Department of Economics, School of Humanities and Social Sciences, Jain (Deemed-to-be University) hosted a two-day International Conference on Dimensions of Poverty and Happiness in Economy on 9-10 September 2017 at Ecumenical Christian Centre, Whitefield in collaboration with Bangalore University, Focolare Movement and Maharaja’s College, Ernakulam.
More than 200 delegates from India and abroad attended the conference and several innovative research papers were discussed. Dr. Xavier V K, Professor of Jain (Deemed-to-be University) in his opening remarks presented an overview of multiple models of driving the economy from short-run fluctuations to sustainable long-term equilibria for growth, development, and happiness.
The most interesting part of the conference was, it provided a platform to investigate the nature and causes of the wealth which affect the happiness of people, institutions, and economy. The conference also triggered a debate about the state of inequality in India where the benefits of higher growth have not been spread over to all the classes.
Dr. Liguino Bruni in his keynote address mentioned that economists have been getting interested in building models for happiness only in the last decades or two. Such models are differently hypothesized against neoclassical economists who were interested in maximisation strategy using instruments of rationality.
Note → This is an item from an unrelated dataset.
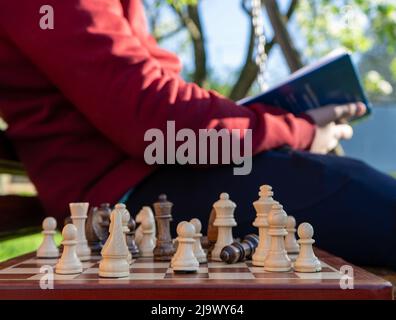 Wooden chess, a chess player is studying in the background, reading a book. Education concept, intellectual game, training, tournament Stock Photo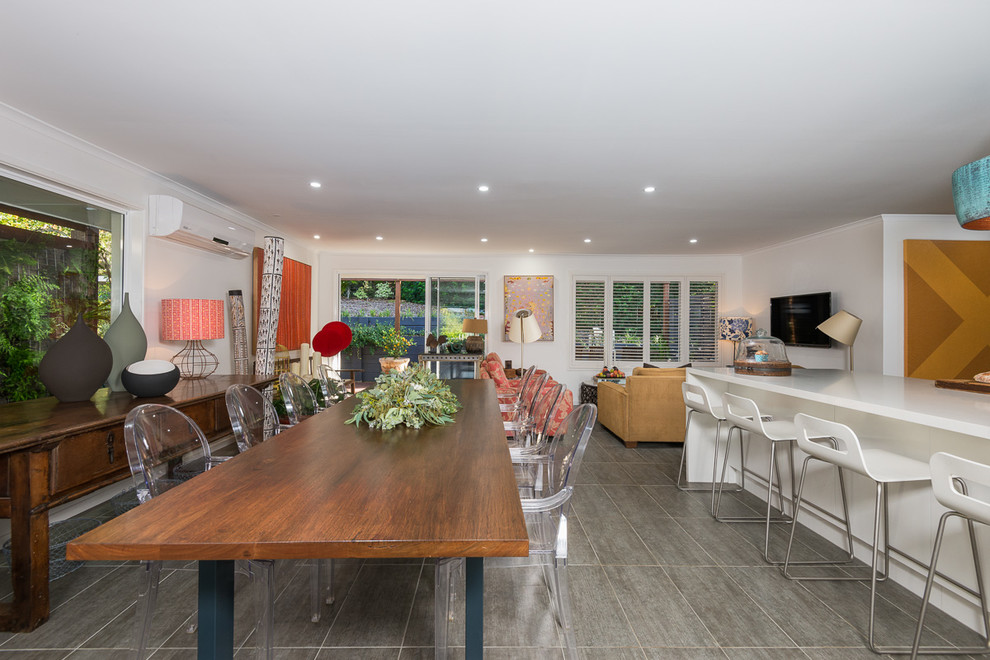 Immagine di una sala da pranzo aperta verso la cucina minimal di medie dimensioni con pareti bianche e pavimento con piastrelle in ceramica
Mainstream economists now recognize there is no reason to continue economic modeling based on prior assumptions that do not help to understand and predict even simple economic actions and choices. Their aim was to find operational solutions capable of effectively quantifying the concept of quality of life. Economists like Sen encompassed new indicators for happiness like democracy, social capital, health, rights, freedom, working conditions and fundamental capabilities in the category of quality of life.
Real GDP growth rate is a sine qua non to alleviate poverty and eradicate unemployment. However, stories of crony capitalism have led to jobless growth with joyless life. Development economists have moved from growth strategies to multiple dimensions of leisure, sustainability, environment and more inclusion. While economic growth is essential, ethics, equity and building capabilities for performance and governance are conditions required to attain gross national happiness.
Increasing the national product is significant for employment and consumption per se, but its impact on distribution, resource exhaustion, social cost and negative spill-overs throw concerns for inter-generation equity across the growth trajectories of economies. The welfare paradigm aims at moving towards new contours of well-being without altering net gains to none.
Many luminaries from Academy such as Dr. G K Karanth, Dr. Mathew C, Dr. Muraleedharan, Dr. Martin Patrick, Dr. Vishak Verma presented their models for happiness in the technical sessions of the conference. Dr. Liguio Bruni, Professor of Economics at the Lumsa University, Rome, and at the Sophia University of Loppiano in Florence delivered the keynote address. R S. Bala Subramanyam, Advisor CSR projects at Birla Corporate delivered the inaugural address.